> [What you need to do] The lines below starting at the line containing "Восстановление бровей после" and ending at the line containing "Medical illustration of" are to be repeated exactly, with both ends kept and nothing else added.

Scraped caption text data
Content starts
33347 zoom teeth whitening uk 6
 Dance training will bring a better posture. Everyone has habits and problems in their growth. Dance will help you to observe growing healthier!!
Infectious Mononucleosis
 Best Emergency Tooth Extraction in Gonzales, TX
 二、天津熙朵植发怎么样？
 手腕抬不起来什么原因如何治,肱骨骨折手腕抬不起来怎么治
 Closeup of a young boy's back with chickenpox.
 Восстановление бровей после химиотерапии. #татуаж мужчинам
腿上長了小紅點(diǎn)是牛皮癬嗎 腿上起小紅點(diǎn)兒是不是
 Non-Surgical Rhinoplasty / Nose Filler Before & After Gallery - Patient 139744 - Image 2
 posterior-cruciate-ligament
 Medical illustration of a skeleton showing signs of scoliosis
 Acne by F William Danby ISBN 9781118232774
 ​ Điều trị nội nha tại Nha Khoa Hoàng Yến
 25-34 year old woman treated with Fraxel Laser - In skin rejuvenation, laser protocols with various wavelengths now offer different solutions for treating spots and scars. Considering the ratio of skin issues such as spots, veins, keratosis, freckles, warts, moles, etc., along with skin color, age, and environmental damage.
Content ends
> [Written answer]
 Восстановление бровей после химиотерапии. #татуаж мужчинам
腿上長了小紅點(diǎn)是牛皮癬嗎 腿上起小紅點(diǎn)兒是不是
 Non-Surgical Rhinoplasty / Nose Filler Before & After Gallery - Patient 139744 - Image 2
 posterior-cruciate-ligament
 Medical illustration of a skeleton showing signs of scoliosis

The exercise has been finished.